--- START ---

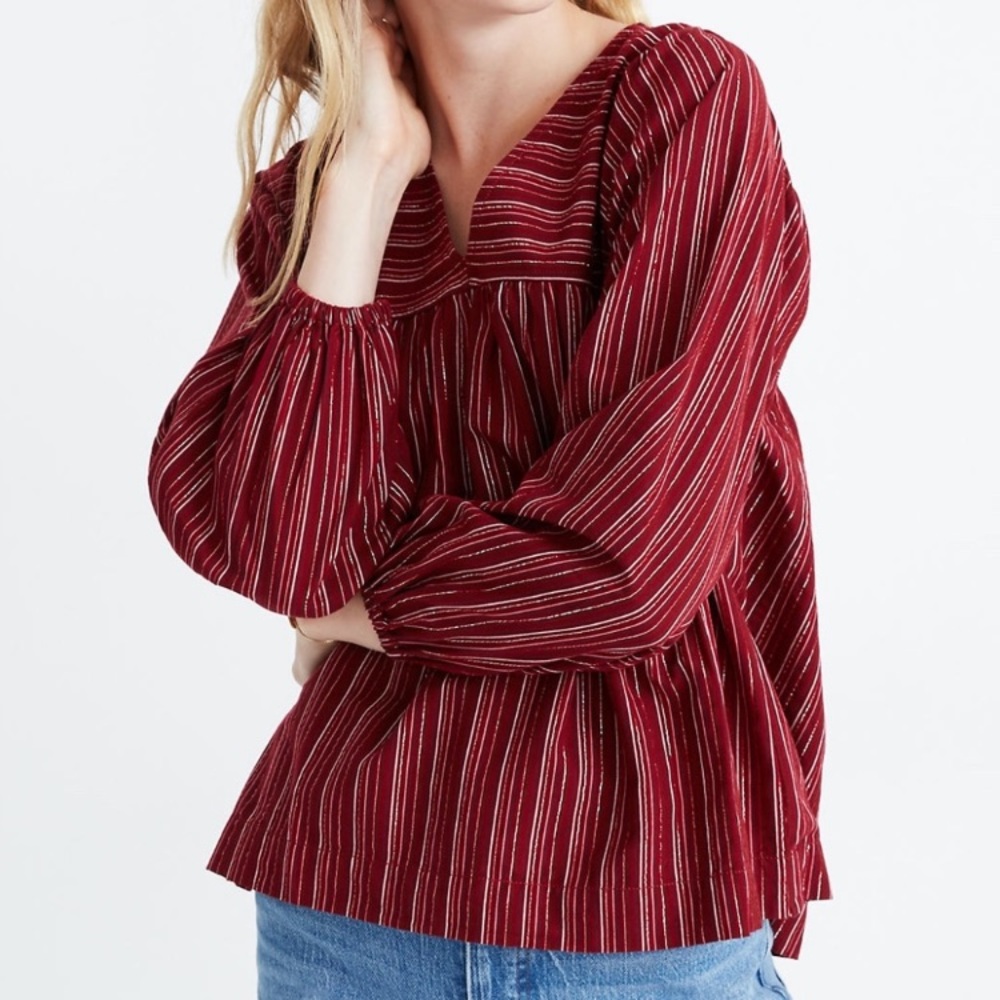 Madewell Tunic Blouse in Burgundy, Pink, Silver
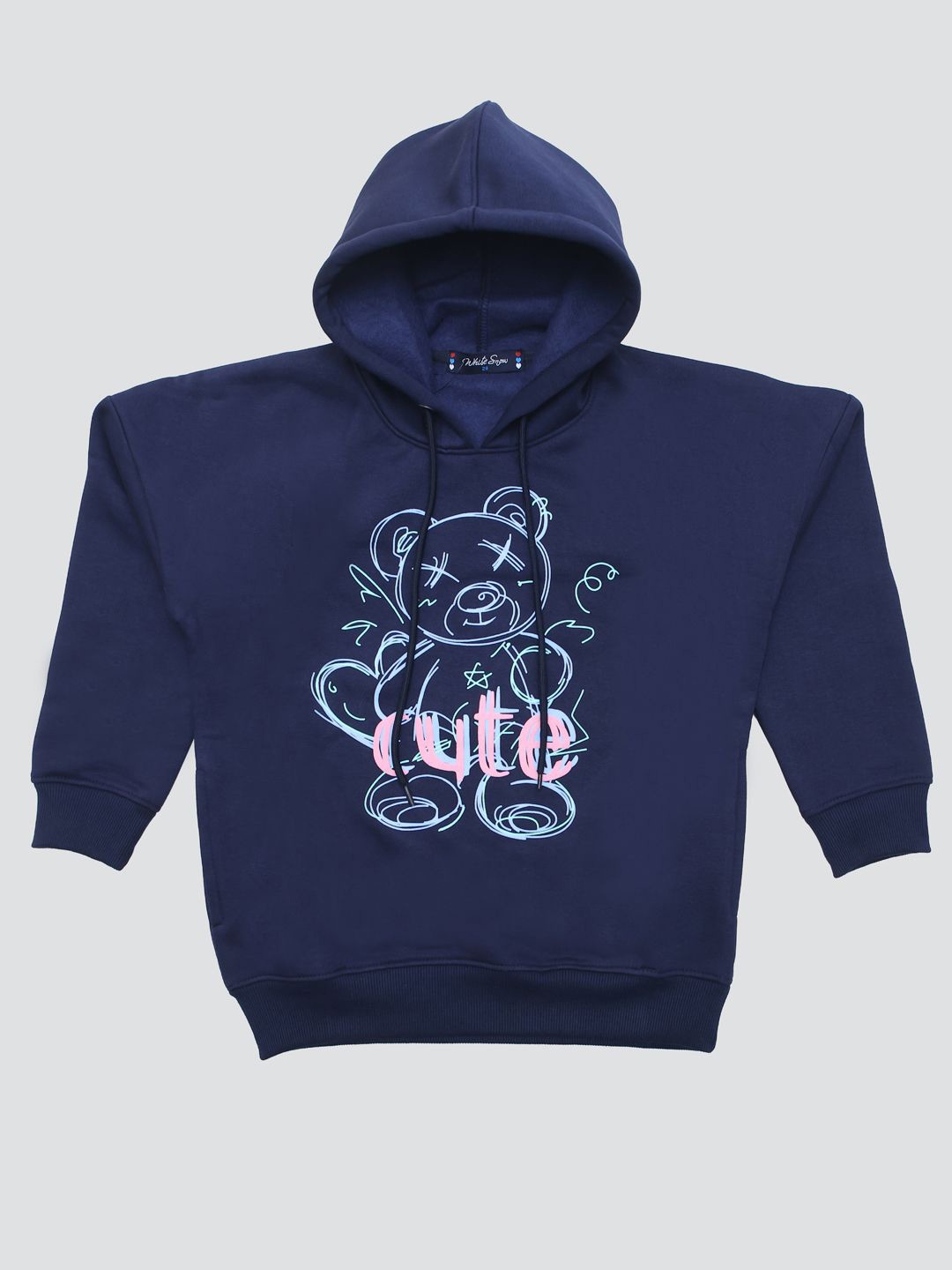 

White Snow Girls Printed Sweatshirt, Navy blue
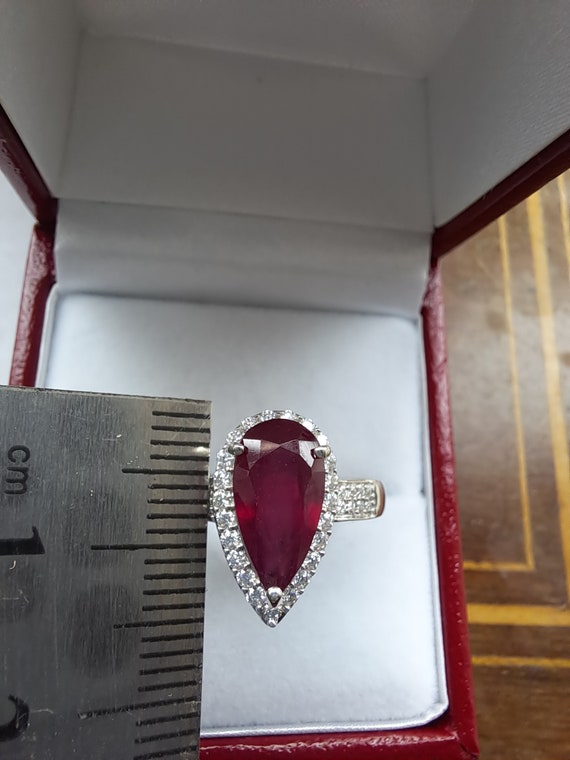 Sterling Silver Ruby and Moissanite Cluster Ring - image 6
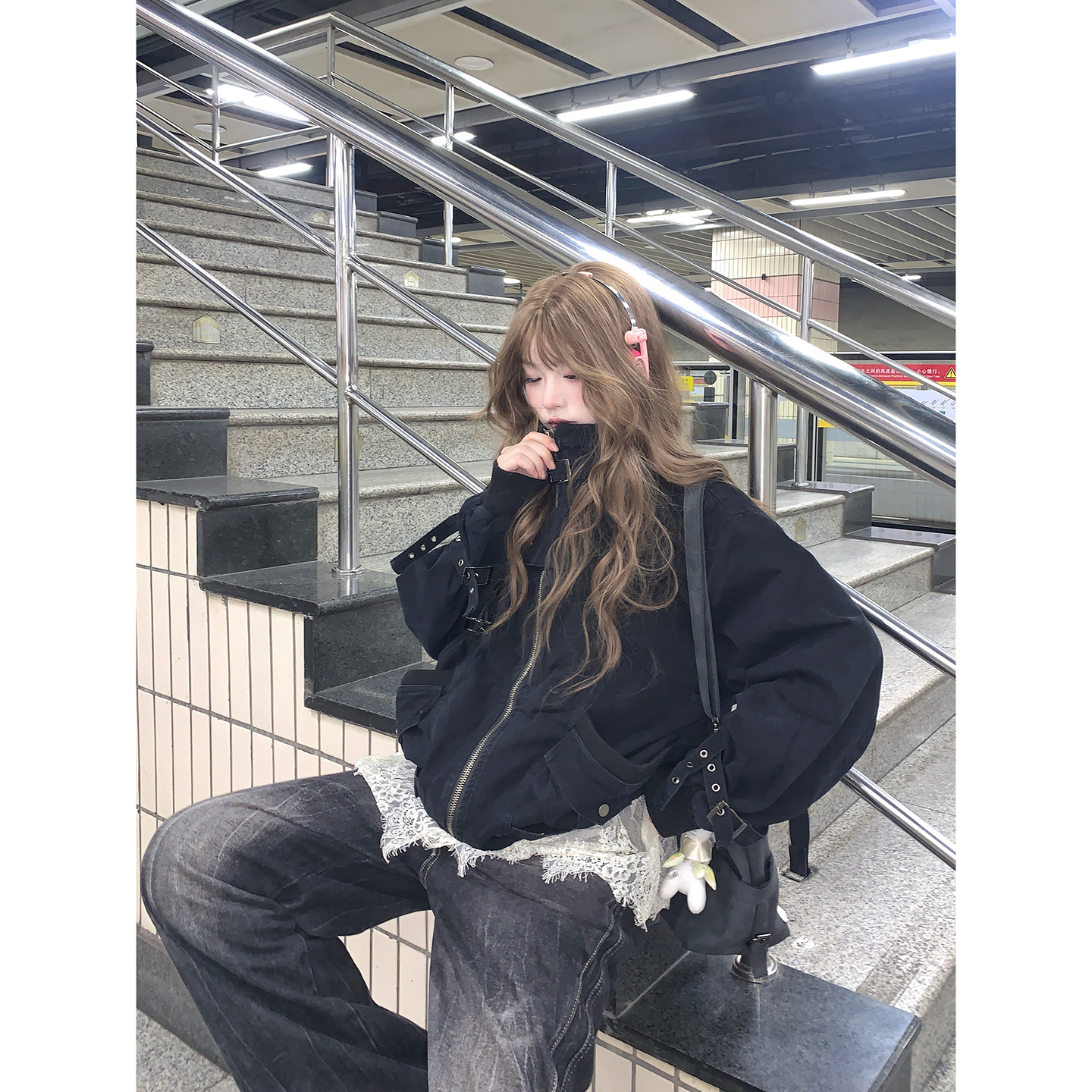 水洗金属设计感夹克男女宽松外套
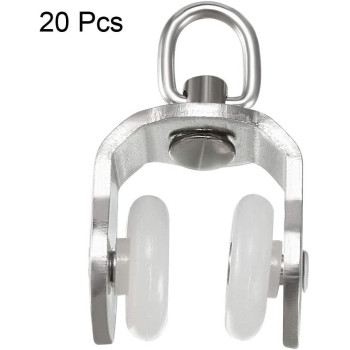uxcell Curtain Track Rollers Stainless Steel Frame Twin Wheeled Carriers Drapery Rail Sliding Glider for Windows Shower Curtain Tracks 16mm Dia 20 Pcs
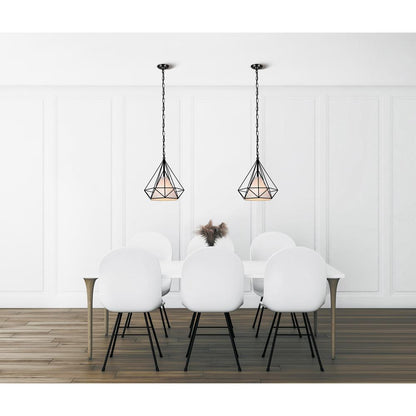 Diamond 1 Light Down Pendant With Black Finish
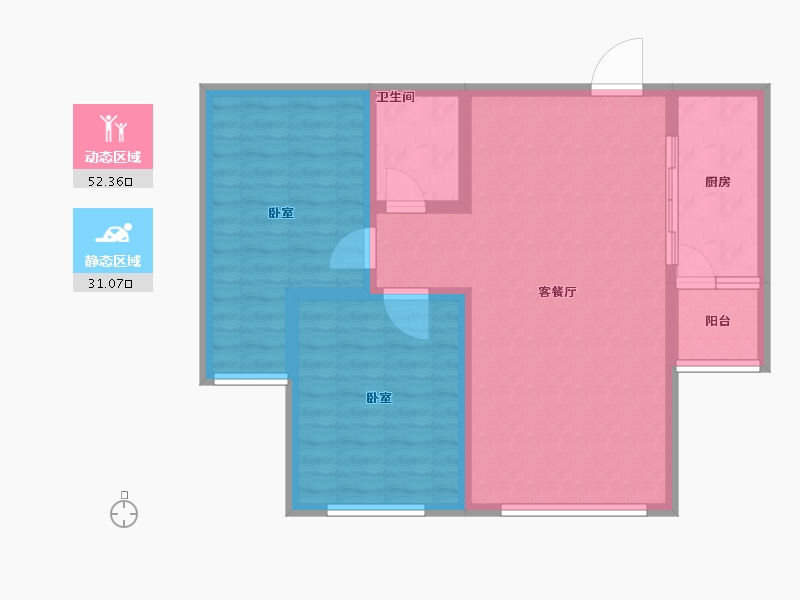 山东省-聊城市-汇利幸福里-74.74-户型库-动静分区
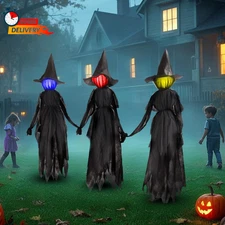 DR.DUDU 6 Ft Light up Witch Stakes Halloween Yard Decorations, Set of 3 Scary Wi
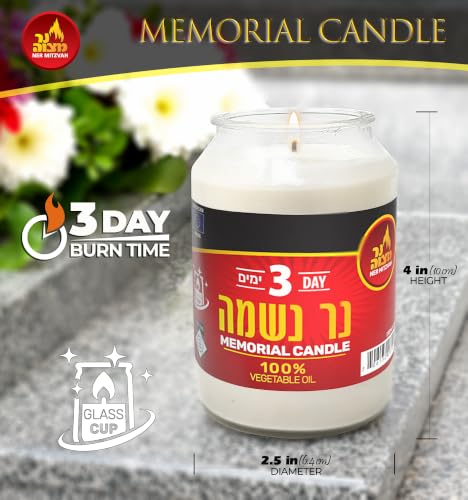 Ner Mitzvah 3 Day Yahrzeit Candle - 3 Pack Kosher White Yahrzeit Memorial Candles - Yom Kippur and Holiday Candles in Glass Jar - 100% Vegetable Oil Wax Prayer Candle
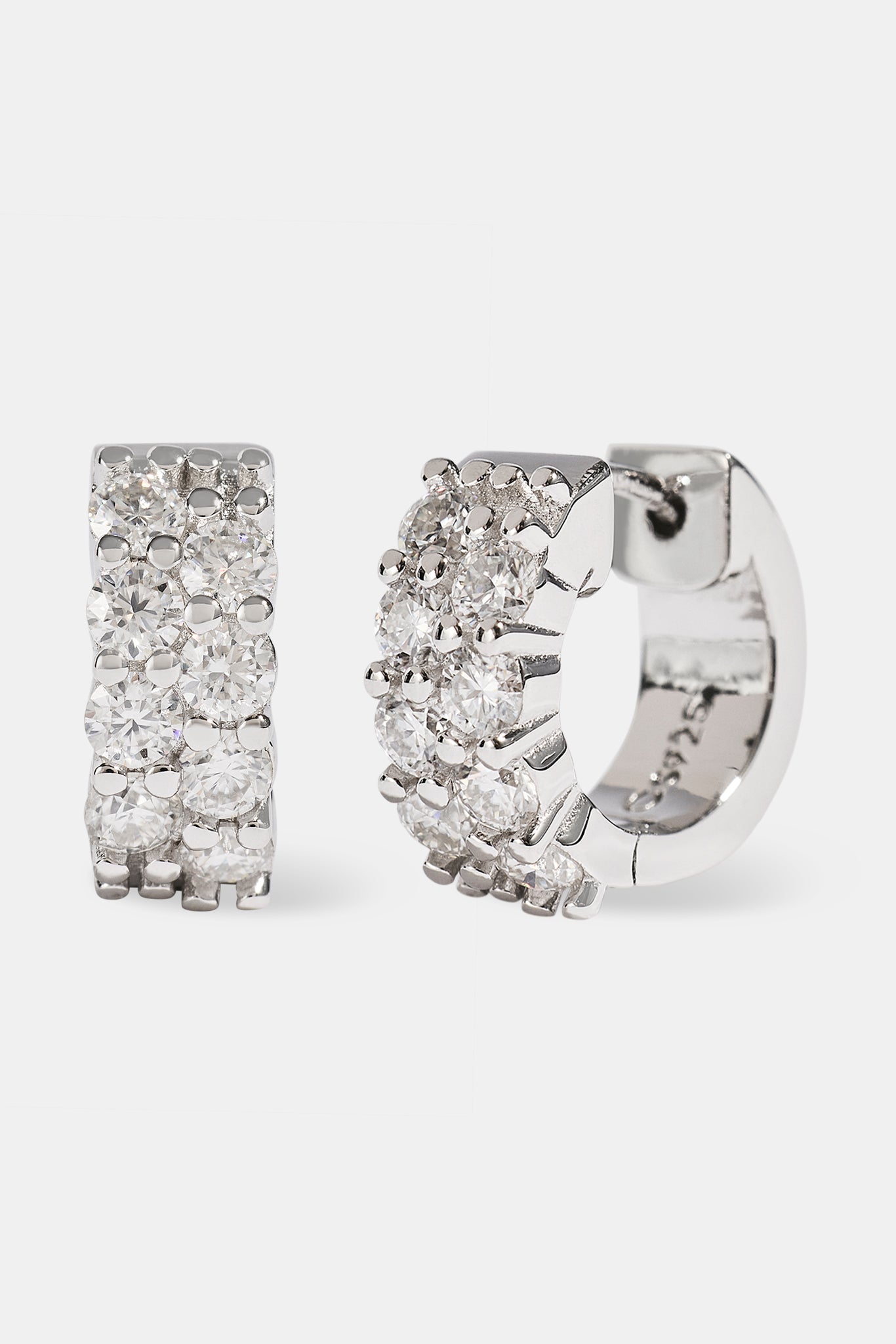 Moissanite Double Row Huggie Earrings - 12mm - White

--- END ---

About this task - Skip the pictures and write out exactly the lines from the line containing "水洗金属设计感夹克男女宽松外套" through the end of the listing above.

Response below -
 水洗金属设计感夹克男女宽松外套
uxcell Curtain Track Rollers Stainless Steel Frame Twin Wheeled Carriers Drapery Rail Sliding Glider for Windows Shower Curtain Tracks 16mm Dia 20 Pcs
 Diamond 1 Light Down Pendant With Black Finish
 山东省-聊城市-汇利幸福里-74.74-户型库-动静分区
 DR.DUDU 6 Ft Light up Witch Stakes Halloween Yard Decorations, Set of 3 Scary Wi
 Ner Mitzvah 3 Day Yahrzeit Candle - 3 Pack Kosher White Yahrzeit Memorial Candles - Yom Kippur and Holiday Candles in Glass Jar - 100% Vegetable Oil Wax Prayer Candle
 Moissanite Double Row Huggie Earrings - 12mm - White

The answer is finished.